До сегодняшнего дня.
– Уфук, я знаю, что это не мое дело. Но если ты позволишь, я хочу тебе кое-что сказать.
Пароход подходил к берегу. Уфук поставил пустой стакан на спинку сиденья и повернулся ко мне. До чего же ясен был его взгляд!
– Нур…
Я не знал, что сказать дальше. Времени оставалось все меньше. Пароход шел вдоль пирса пристани Хейбели. На самом его краю горел маяк, с внутренней стороны было видно несколько парусных яхт. Глядя на спиральную лестницу Военно-морского училища, я пробормотал:
– Уфук, я не знаю, что между вами произошло. Я знаю только, что Нур сейчас очень плохо.
Уфук отвернулся. Темно-синяя вода между пароходом и берегом была гладкой как стекло. Показались рестораны, выстроившиеся вдоль пристани.
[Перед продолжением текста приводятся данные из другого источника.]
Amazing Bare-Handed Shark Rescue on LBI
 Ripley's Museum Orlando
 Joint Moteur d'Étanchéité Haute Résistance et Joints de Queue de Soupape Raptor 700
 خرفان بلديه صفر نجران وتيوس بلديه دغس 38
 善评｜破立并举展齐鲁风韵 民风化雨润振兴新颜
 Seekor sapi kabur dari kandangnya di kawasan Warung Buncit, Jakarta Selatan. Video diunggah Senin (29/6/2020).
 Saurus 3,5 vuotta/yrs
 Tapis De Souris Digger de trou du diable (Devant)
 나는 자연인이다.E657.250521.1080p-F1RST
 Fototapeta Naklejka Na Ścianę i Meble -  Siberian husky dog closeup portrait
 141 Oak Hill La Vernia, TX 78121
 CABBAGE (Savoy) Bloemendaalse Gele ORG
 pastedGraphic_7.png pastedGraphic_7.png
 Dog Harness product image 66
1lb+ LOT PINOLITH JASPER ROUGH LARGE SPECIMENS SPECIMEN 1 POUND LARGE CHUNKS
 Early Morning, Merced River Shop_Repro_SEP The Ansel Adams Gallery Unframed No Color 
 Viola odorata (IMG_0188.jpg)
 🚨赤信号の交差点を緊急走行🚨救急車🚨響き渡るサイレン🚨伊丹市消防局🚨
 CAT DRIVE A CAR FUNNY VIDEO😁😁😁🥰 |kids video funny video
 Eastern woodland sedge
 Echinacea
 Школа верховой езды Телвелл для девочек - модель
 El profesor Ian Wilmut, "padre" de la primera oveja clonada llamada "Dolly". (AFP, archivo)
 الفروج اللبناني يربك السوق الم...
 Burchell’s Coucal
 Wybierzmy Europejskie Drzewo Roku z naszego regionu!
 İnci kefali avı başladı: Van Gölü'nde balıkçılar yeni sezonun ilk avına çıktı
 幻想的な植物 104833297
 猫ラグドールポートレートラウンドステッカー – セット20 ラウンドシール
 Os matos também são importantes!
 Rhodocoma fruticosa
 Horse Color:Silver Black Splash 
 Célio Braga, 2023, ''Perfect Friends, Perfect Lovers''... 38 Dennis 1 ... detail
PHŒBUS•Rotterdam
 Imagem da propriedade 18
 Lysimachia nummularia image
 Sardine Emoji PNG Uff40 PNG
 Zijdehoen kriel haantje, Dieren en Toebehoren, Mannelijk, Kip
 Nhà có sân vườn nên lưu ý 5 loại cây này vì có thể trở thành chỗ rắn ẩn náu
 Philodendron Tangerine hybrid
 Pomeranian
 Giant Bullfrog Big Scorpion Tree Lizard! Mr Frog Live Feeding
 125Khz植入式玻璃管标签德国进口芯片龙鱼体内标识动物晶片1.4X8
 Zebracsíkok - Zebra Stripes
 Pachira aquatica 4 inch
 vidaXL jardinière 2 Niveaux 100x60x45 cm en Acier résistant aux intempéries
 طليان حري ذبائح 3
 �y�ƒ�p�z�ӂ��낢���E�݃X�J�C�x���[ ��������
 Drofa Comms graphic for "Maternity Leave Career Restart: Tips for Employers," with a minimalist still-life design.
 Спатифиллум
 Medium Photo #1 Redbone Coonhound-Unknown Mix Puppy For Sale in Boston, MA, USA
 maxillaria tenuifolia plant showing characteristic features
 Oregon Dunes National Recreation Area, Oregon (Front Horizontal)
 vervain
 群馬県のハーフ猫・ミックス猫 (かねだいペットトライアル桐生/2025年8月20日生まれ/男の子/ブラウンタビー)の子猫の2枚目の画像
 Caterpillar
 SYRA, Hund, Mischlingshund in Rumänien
По сравнению с Большим островом здесь было тихо и спокойно. Вот бы нам с Уфуком сойти здесь, выпить в одной из этих скромных таверн, освещенных разноцветными лампочками, а потом поговорить начистоту обо всем, о чем прежде молчали. Выговориться.
Пароход подошел к Хейбели. Бросили швартовы. Внизу, за перилами, пришла в движение толпа пассажиров, готовая хлынуть на борт, как только откроют проход. Я торопливо заговорил:
– Уфук, сойди здесь. Вскоре придет пароход из Бостанджи. Сядь на него и вернись на Большой остров. Ты нужен Нур. Даже если сама она не может сказать этого вслух, поверь мне. Ты нужен ей сейчас больше, чем когда-либо раньше. Вернись к ней.
Уфук смотрел на окруженное густым сосновым лесом здание духовной семинарии. Смотрел и молчал. Началась посадка. Пассажиры устремились на пароход, спеша занять свободные места. Принялась хлопать дверь, ведущая на нашу часть палубы. Нужно было срочно подыскать слова. Чтобы сойти, Уфук должен был встать прямо сейчас.
– Уфук… Нур невыносимо одинока. Она ждет тебя. Каждый миг, каждую секунду смотрит на телефон, ждет, что ты позвонишь или напишешь.
Он наконец-то повернулся ко мне. На его лице было знакомое выражение боли. Я вдруг понял. Он тоже думал, что ребенок, от которого избавилась Нур, – его. Может быть, это и вправду было так. Кто ж теперь узнает. Я торопливо продолжал:
– Если Нур обидела тебя, то это не потому, что она хотела причинить тебе боль. Она ведет себя так, потому что не знает, как быть со своей собственной болью, одиночеством и отчаянием. Уфук, я, как давний друг Нур, прошу тебя простить ее. Ты сейчас очень ей нужен. Ты даже не можешь себе представить как. Пожалуйста, вернись к ней.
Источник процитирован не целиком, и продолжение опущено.